* _Your instructions_
From the line that contains "Apartments with parking" through the end of the records below, write out each line exactly as it appears, but not the pictures.

Stored records:
━━━━━━
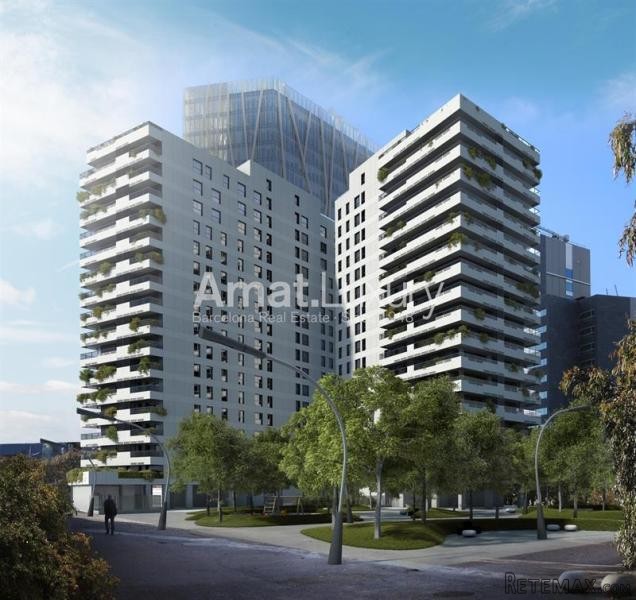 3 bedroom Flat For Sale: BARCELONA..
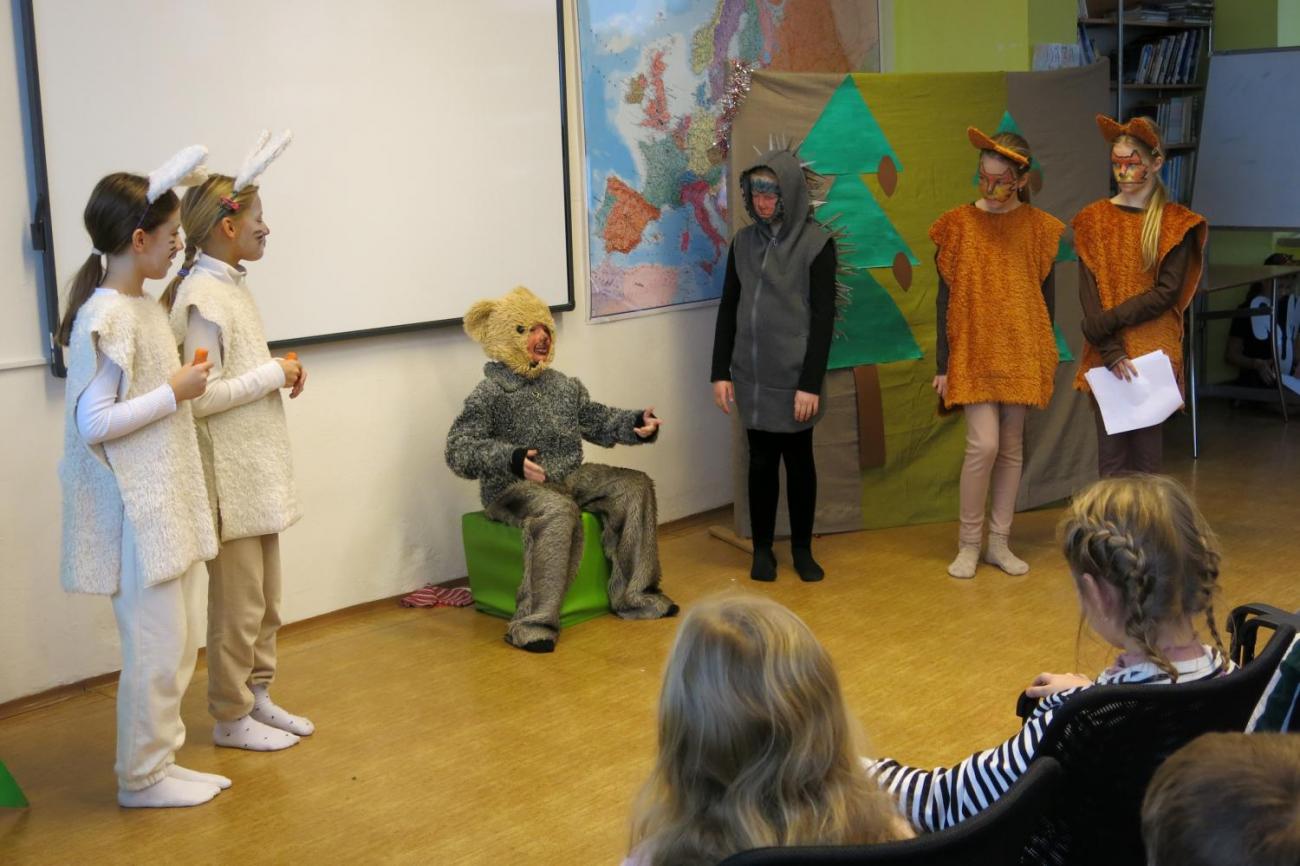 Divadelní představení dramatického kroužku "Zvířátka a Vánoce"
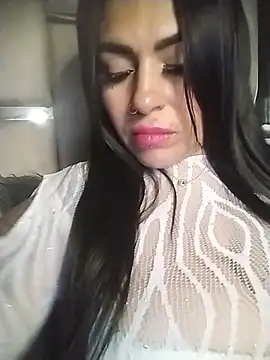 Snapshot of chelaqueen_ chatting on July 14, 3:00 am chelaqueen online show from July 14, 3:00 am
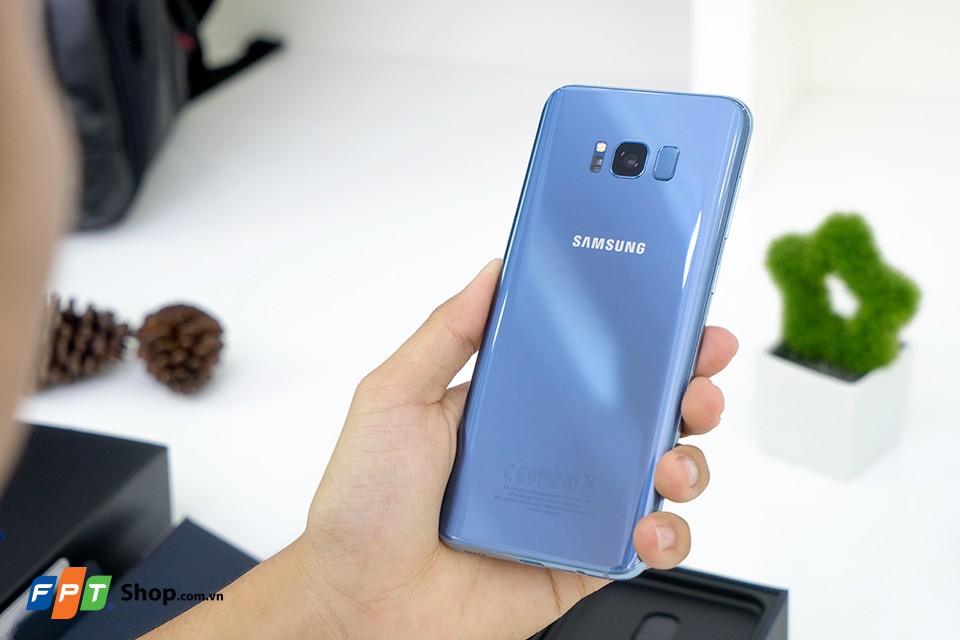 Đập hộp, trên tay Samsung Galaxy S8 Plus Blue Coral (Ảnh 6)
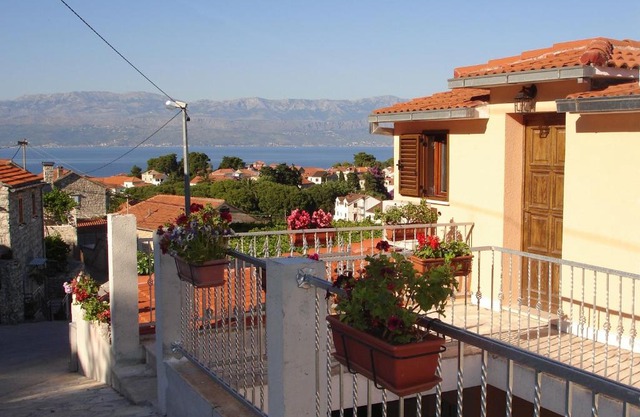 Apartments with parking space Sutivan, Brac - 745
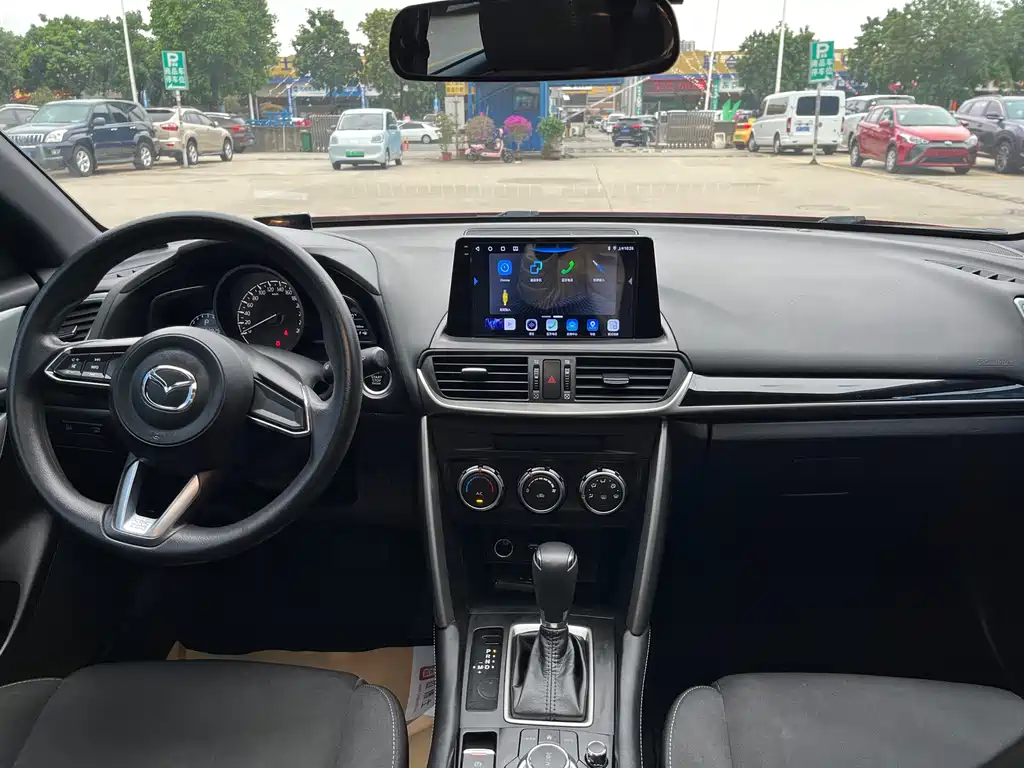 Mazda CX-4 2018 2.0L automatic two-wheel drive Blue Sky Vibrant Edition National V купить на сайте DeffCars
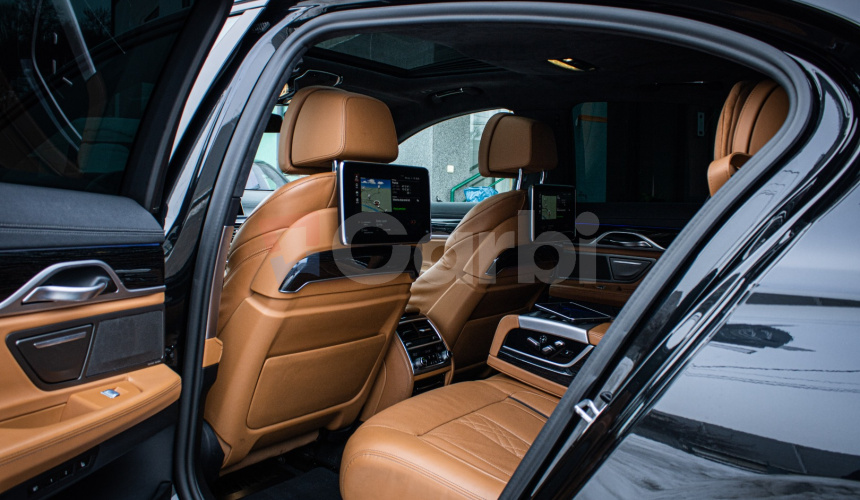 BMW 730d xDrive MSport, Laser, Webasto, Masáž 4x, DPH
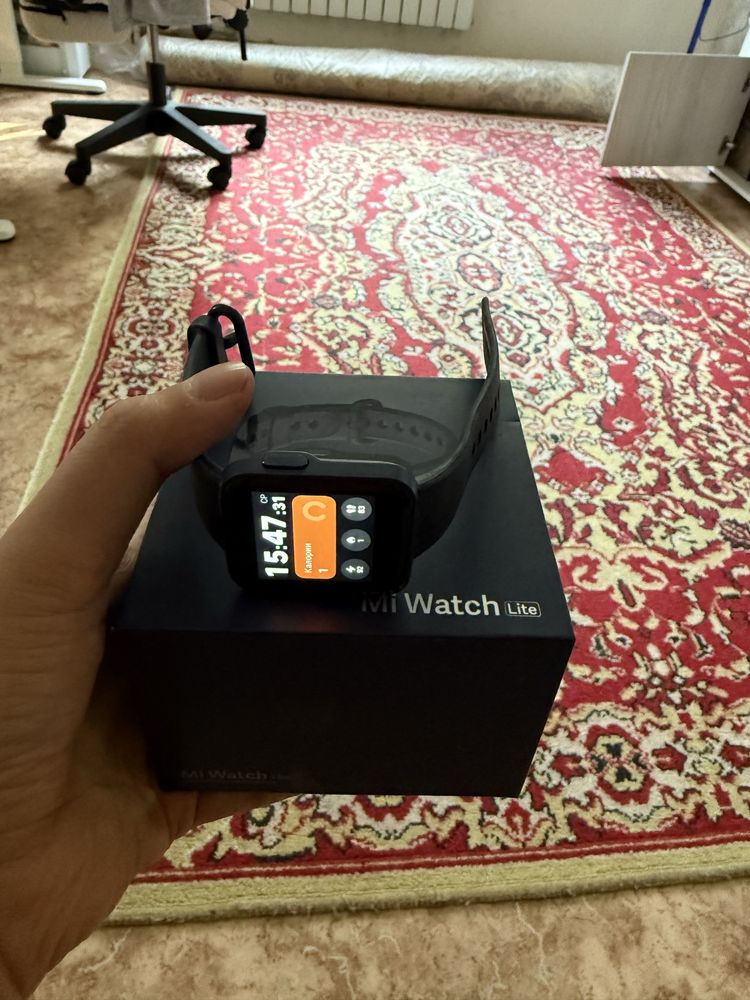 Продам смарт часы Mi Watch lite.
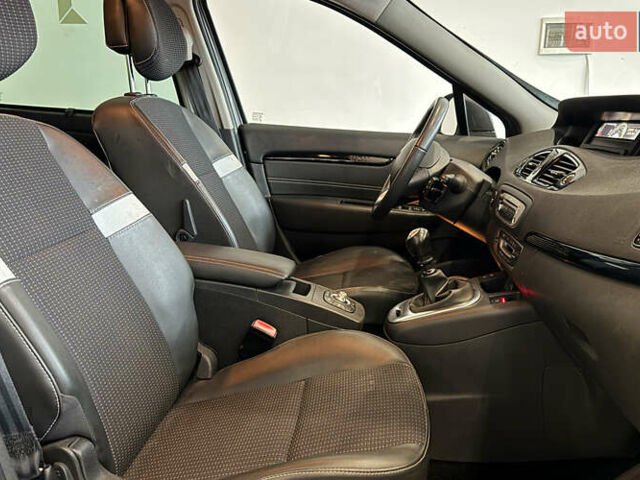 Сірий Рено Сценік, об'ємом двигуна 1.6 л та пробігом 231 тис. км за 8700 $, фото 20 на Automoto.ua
━━━━━━
* _Response_
 Apartments with parking space Sutivan, Brac - 745
 Mazda CX-4 2018 2.0L automatic two-wheel drive Blue Sky Vibrant Edition National V купить на сайте DeffCars
 BMW 730d xDrive MSport, Laser, Webasto, Masáž 4x, DPH
 Продам смарт часы Mi Watch lite.
 Сірий Рено Сценік, об'ємом двигуна 1.6 л та пробігом 231 тис. км за 8700 $, фото 20 на Automoto.ua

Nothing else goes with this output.